La llamada la ubica en Alicante, donde reside desde los quince años. De niña, Eva García Sáenz de Urturi vivía en Vitoria, en el corazón de uno de los barrios medievales más hermosos del país vasco. Su biografía no tiene mucho que ver con los derroteros académicos clásicos. Se diplomó en Óptica y Optometría, y trabajó entre anteojos una década. Luego entró a trabajar en la Universidad de Alicante, donde dedicaba todas sus noches a documentarse y escribir su primera novela histórica, “La saga de los longevos: La vieja familia”, que antes de ser publicada en papel, ya era un fenómeno en la Internet. En 2014 publicó “Los hijos de Adán” y “Pasaje a Tahití”, ambas con la misma buena acogida del boca a boca, aunque casi ignoradas en los círculos de la crítica mediática. Dos años después publicó “El silencio de la ciudad blanca”, novela negra ambientada en su ciudad natal en los años setenta, que lleva ya el millón de copias vendidas y una película ubicable en Netflix, dirigida por Daniel Calparsoro con las actuaciones de Belén Rueda y Javier Rey.
MIRA: Premio Planeta: Eva García Sáenz de Urturi ganó la edición 69 del prestigioso galardón
En el 2020, manteniendo el distanciamiento social, a mediados de octubre pasado le fue otorgado el Premio Planeta por “Aquitania”, novela también histórica y de intriga criminal.
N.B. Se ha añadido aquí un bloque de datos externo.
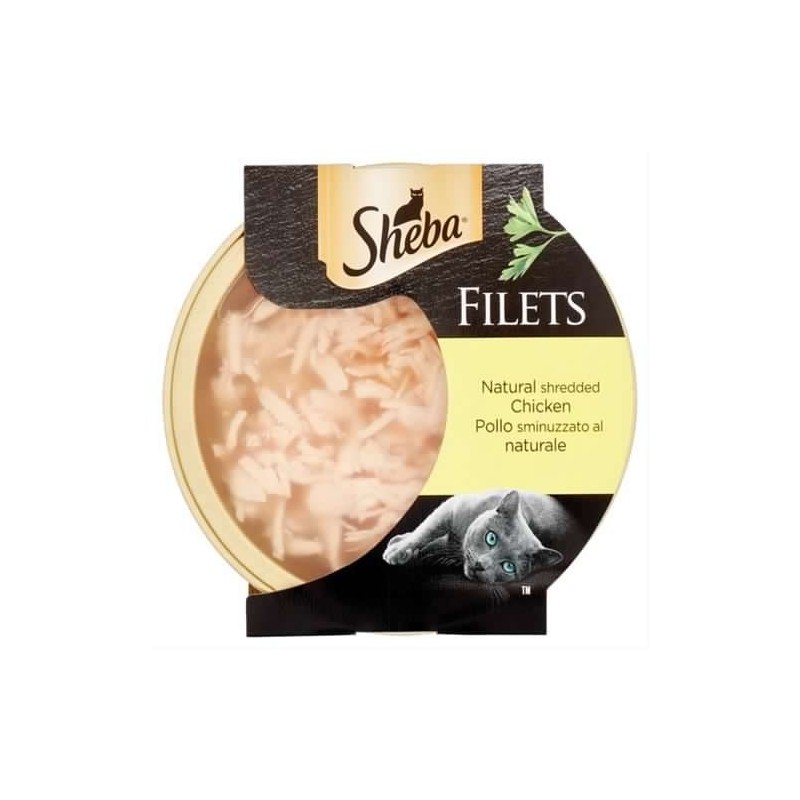4008429134937Sheba Filets Pollo 60gr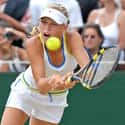 Caroline Wozniacki is listed (or ranked) 31 on the list The Greatest Female Tennis Players of the Open Era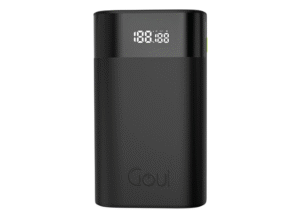 Goui P20 Premium Power Bank 20000mah G-Pbds20 -1 Year Warranty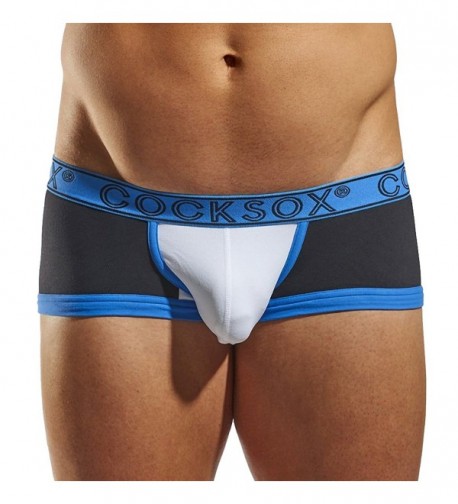 Cocksox Mens Trunk Onyx Large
En ella, Eva García Sáenz de Urturi teje, a la manera de un tapiz medieval, el retrato de la sociedad francesa del siglo XII, sazonado por venenos ancestrales, curtida por amores incestuosos, y sacudida por las Cruzadas. En el centro, escuchamos la voz en primera persona de la aristócrata Leonor de Aquitania (1122-1204). Mujer avanzada a su tiempo, precursora de la leyenda artúrica y una de las gobernantes más influyentes de la Edad Media.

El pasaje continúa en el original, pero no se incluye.